Мой труд никогда не был рабьим трудом, и я с пеной у рта отстаиваю свое право
на неудачу, право на срыв.
Матерщина
— это детский лепет в сравнении с тем, что вытерпели стены Дома Герцена и
пасторские седины Канатчикова. Зифовские молодцы же были вытолкнуты в шею,
когда с их грязного языка слетело имя жены писателя в сочетании с абортом.
Уличенные во лжи молодцы изворачивались под руководством старца Канатчикова:
«...Халтура...
скрывается от милиции... не прописывается...»
Стенографистки
не было, в протокол не занесено, но свидетели были, были... Мне кажется, что
целесообразнее доверить управление делами Федерации королю из свежей карточной
колоды, нежели гражданину Канатчикову.
За
несколько месяцев фельетон Заславского дал молодые побеги. Радуйтесь, советские
писатели, Мандельштам не только литературный вор и плагиатор, но также маклер,
жучок, посредник, ловкий проныра, затащивший к себе в трущобу Горнфельда и
Карякина. Отпустив с миром ловких скупщиков краденого в их издатель-скую хазу,
именуемую ЗИФом, Федерация выдает мне справку, что я не халтурщик. Я сохраню
эту справку.
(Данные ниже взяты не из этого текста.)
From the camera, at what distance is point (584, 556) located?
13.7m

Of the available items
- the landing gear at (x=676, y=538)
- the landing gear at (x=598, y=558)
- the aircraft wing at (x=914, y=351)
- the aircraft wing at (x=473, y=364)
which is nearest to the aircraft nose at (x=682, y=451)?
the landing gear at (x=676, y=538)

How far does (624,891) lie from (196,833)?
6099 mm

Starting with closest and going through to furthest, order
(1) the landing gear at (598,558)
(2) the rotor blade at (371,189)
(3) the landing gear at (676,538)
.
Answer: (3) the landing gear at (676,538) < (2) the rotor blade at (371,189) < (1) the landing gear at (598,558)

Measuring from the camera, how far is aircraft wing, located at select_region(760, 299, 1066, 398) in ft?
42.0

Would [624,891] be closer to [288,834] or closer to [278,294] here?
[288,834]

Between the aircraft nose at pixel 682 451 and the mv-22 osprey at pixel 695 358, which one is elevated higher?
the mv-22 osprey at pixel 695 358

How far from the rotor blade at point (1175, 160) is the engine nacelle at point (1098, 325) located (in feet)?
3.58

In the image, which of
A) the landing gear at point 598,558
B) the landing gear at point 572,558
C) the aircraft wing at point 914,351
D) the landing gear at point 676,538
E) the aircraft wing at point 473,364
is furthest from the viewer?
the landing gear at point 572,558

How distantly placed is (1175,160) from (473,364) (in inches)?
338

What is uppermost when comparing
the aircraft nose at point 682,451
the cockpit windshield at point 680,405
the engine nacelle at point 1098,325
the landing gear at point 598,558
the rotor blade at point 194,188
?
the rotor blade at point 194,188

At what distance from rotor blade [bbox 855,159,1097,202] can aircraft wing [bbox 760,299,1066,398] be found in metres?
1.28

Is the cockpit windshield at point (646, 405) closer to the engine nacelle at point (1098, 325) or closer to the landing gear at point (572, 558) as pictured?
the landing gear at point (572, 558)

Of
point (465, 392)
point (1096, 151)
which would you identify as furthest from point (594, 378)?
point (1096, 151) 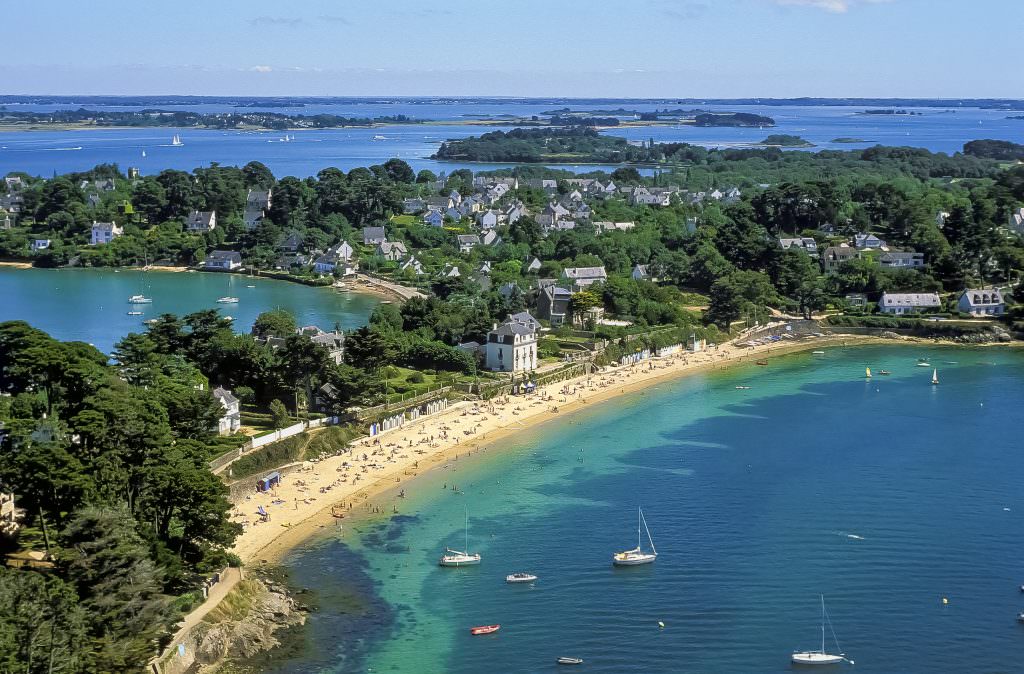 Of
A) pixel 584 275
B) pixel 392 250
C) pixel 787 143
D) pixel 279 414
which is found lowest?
pixel 279 414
Я бережно ее пронесу. Я буду заглядывать в нее каждый раз, когда,
очнувшись от тошнотворного угара, в котором как бред мелькают совесть, труд,
письма в редакцию, суды, чиновничьи маски столоначальников из страшного и
последнего департамента литературы — Заславские, Канатчиковы, Рогачевские с
мочалкой, я найду в себе силы приняться за прерванный жизненный труд. И тогда
неизменно мне представится одна картина — Заславский, Горнфельд и Канатчиков,
склоненные над красным комочком — над сердцем Уленшпигеля — и над моим,
писательским сердцем.
Судопроизводство
в руках ФОСПа я вынужден признать социально-опасным орудием. Ваша организация,
присваивая себе функции настоящего суда с уголовной амплитудой, пренебрегает
всеми нормами и гарантиями нормального процесса.
1)
Тягчайшие обвинения предъявляются человеку публично, в печати, без всякого
предварительного расследования — в форме бранного шулерского фельетона.
2) На
основе этого фельетона человек путем оглашения в печати предается публичному
суду без формулировки обвинения, без обвинительного акта, уже после
разоблачения клеветника.
3)
Абсурдное обвинение Исполбюро отменяет «дело» ценой полного игнорирования
фельетона и характера предъявленных мне обвинений.
4)
Несмотря на отмену дела Исполбюро, под каким-то казуистическим предлогом
созывается судебная комиссия под председательством заинтересованной стороны, в
задачи которой входит в чем угодно обвинить Мандельштама, чтобы спасти престиж
«Литгазеты».
5)
Трибунал, именующий себя «конфликтной комиссией», строится по методу: «Все,
кроме подсудимого — полноценные прокуроры», не замечает грубейших противоречий
в их показаниях, отказывает в вызове свидетелей, не требует фактов, не
формулирует обвинений и выносит юридически безграмотный инсинуирующий приговор.
6)
Высший орган ФОСПа — Исполбюро — заслушав это решение, принимает его к
сведению, утверждает и запрещает печатать.
7) Из
приговора не делают никаких общественных выводов относительно осужденного, не
исключают его из организации и не сообщают о его деяниях прокурору.
(Для
характеристики «общественной» установки Федерации: когда в «Правде» появился
фельетон Заславского «Жучки и негры», комментирующий решение конфликтной
комиссии ФОСПа от 21 июня, причем в фельетоне всякими словами утверждалось, что
все переводческое дело в СССР построено на эксплуатации полуграмотных негров,
которых нанимают за себя писатели с крупными именами, Федерация обошла этот
фельетон полным молчанием и не сделала из него никаких выводов).
8) В
августе Федерация объявляет печатно о пересмотре дела ввиду наличия
«формальных» к тому поводов, но в течение 5-ти месяцев от пересмотра
уклоняется.
9) В
декабре Федерация внезапно выделяет комиссию, именуемую уже не конфликтной, но
«Комиссией для разбора обвинений, предъявленных Мандельштаму “Литгазетой”». Эта
комиссия, так же, как и первая, отказывается от всякой следственной процедуры,
от формулировки обвинений, от оглашения материалов и от вызова свидетелей.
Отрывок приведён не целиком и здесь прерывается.